President George Bush dropped the current bombshell the
day before Thanksgiving, while people were distracted
by holiday plans and Congress had scattered. So Kissinger
will be head of the September 11 "independent" investigation.
Kissinger Associates is still in business. What its business
is, exactly, is hard to say. From the founding of the company
all consultations have been done verbally and in person because,
as former Kissinger Associates executive Brent Scowcroft said,
``We don't want to see it ... passed around.'' The Kissinger
client list is also secret. Fred Kaplan of the Boston Globe
recently tried to get the list but was told by an assistant
for Kissinger that its contents are private. However, Kaplan
quotes Scott Armstrong, founder of the National Security Archive:
''He has so many clients whose interests are so
completely tied up in the results of this investigation,''
Armstrong said. ''The minute you start talking about clerics
in Saudi Arabia, it's in no way in the interests of his clients
for the whole truth to be told.'' [Fred
Kaplan, "Some See Kissinger as Wrong Man for the Job," The
Boston Globe, November 28, 2002]
If, as many suspect, Kissinger works for several Persian
Gulf states, oil companies, and transportation firms, would
that not be a conflict of interest? And, if so, why
was he nominated?
As an editorial in the New York Times delicately understated,
"Mr. Kissinger obviously has a keen intellect and
vast experience in national security matters. Unfortunately,
his affinity for power and the commercial interests he has
cultivated since leaving government may make him less than
the staunchly independent figure that is needed for this critical
post. Indeed, it is tempting to wonder if the choice of Mr.
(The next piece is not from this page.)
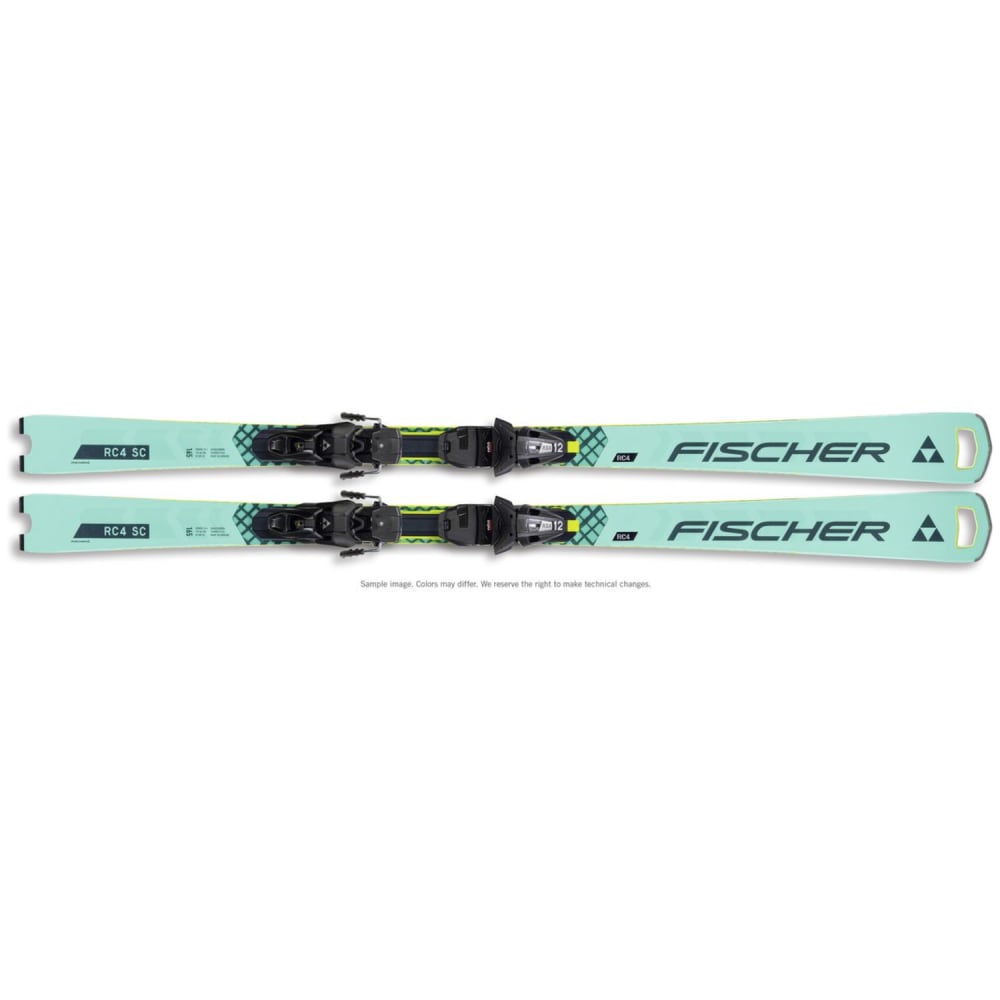 Fischer RC4 Worldcup Sc + RSX 12 Damen Race-Ski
Kissinger is not a clever maneuver by the White House to contain
an investigation it long opposed." [New
York Times, November 29, 2002]
Well duh, New York Times. Of course the White
House is trying to contain the investigation. The White House
has opposed an investigation since September 12, 2001, citing
security concerns.
This administration is keeping secrets. On October 29, 2001,
Bush drafted an executive
order that could keep presidential records locked up in
perpetuity; nearly anything in White House files can be kept
classified as long as either a former or current president
says so. (See George Lardner Jr., "Bush
Clamping Down on Presidential Papers," The Washington
Post, November 1, 2001.)
This past May, revelations that Bush was warned of impending
terrorist attacks during a security briefing (see, for example,
Michael Elliott, "How the U.S. Missed the Clues," Time, May
27, 2002) put a dent in Bush's poppularity ratings. Subsequent
news stories revealed that the White House should have expected
a major terrorist attack on U.S. soil, yet it was caught unprepared
(see the Timeline
of Terror for a plethora of evidence and links).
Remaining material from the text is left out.